Thursday, June 11, 2015

A Good Clean Story, With Pep

June 11, 2015
   Went home for lunch today to try my hand at a portrait of a certain lawman in the sunset of his years. Unfortunately, he ended up looking more like a cross between Lute Olson and Ben Traywick.

Daily Whip Out: "Some Ol' Bird Who Looks More Like Ben Traywick"

And yes, the date is wrong on the drawing (one day too early). This morning, before I came into work, I was studying old cartoons, looking for line work style to lift from and saw an old school kitchen and started copying. One thing led to another and the balloon wrote itself:

Daily Whip Out: "Wyatt Earp Writes A Grocery List"

   When Wyatt left Tombstone as a fugitive, in 1882, he left behind two years of investments and was able to divest himself of only a few, while many of his investments were sold off for taxes and he, and his brothers, lost everything.

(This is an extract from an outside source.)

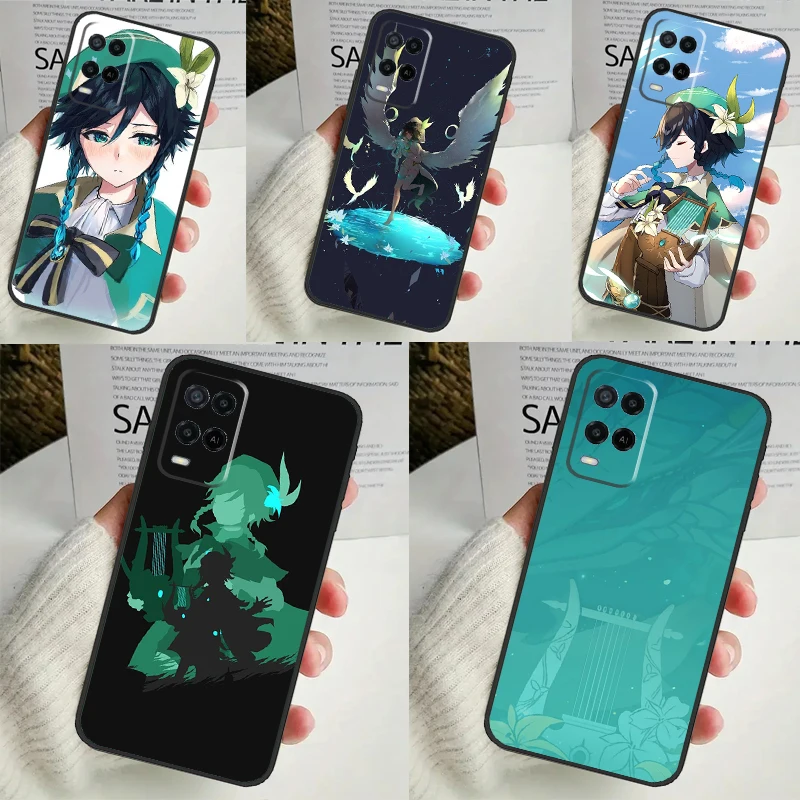 Genshin Impact Venti For OPPO A96 A76 A16 A54 A74 A94 A58 A78 A98 A5 A9 A53 A52 A72 A91 A15 A17 A57 A77 A79 Case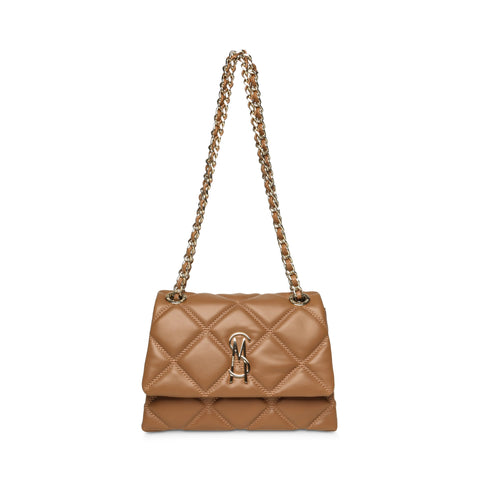 תיק צד לנשים BVOLTURI בקאמל זהב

   Wyatt almost cashed in when he and Sadie were in San Diego. He sold saloons and gambling halls like crazy (he allegedly had four at one time), but in the end it all crashed and they left for another boom town. As Allen Barra points out in his excellent book, "Inventing Wyatt Earp" ". . .the more money Wyatt made the more he gave it to friends or invested in oddball schemes. Wyatt may have been a capitalist, but he was never a businessman."

   Studying his life it seems a long way from "Law And Order," (1932) the first movie supposedly inspired by the events in his life, to hit theaters after his death that featured him as the main character.

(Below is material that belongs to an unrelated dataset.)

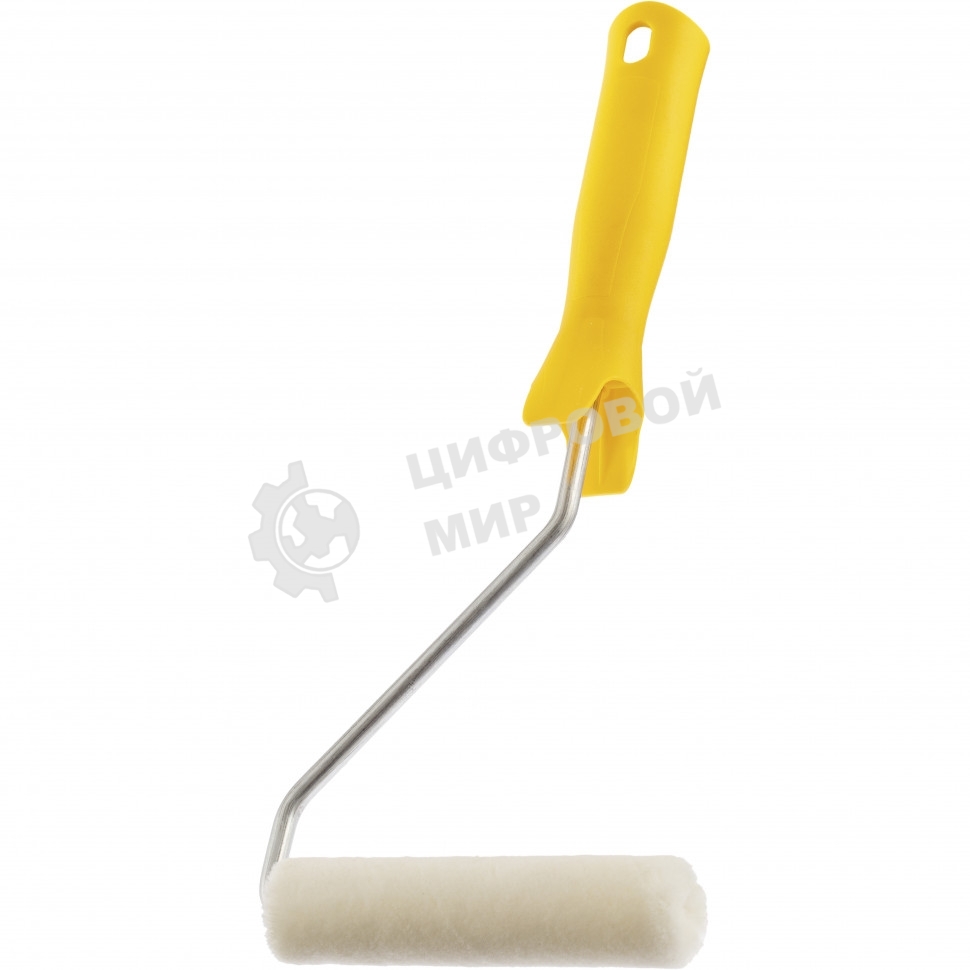 Мини-валик в сборе Сибртех Лаки, 110 мм, ворс 5 мм, D - 16 мм, D ручки - 6 мм, велюр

"The art of progress is to preserve order amid change and to preserve change amid order."
—Alfred North Whitehead


1 comment:

  1. Is that what Sadie (Josie) told Wyatt about his biography? Also, I notice you at first gave Sadie a flat behind, then decided to give her a more ample tuchus, so she's almost bumping into the stove. But that's OK. By then she would've been at home on the range.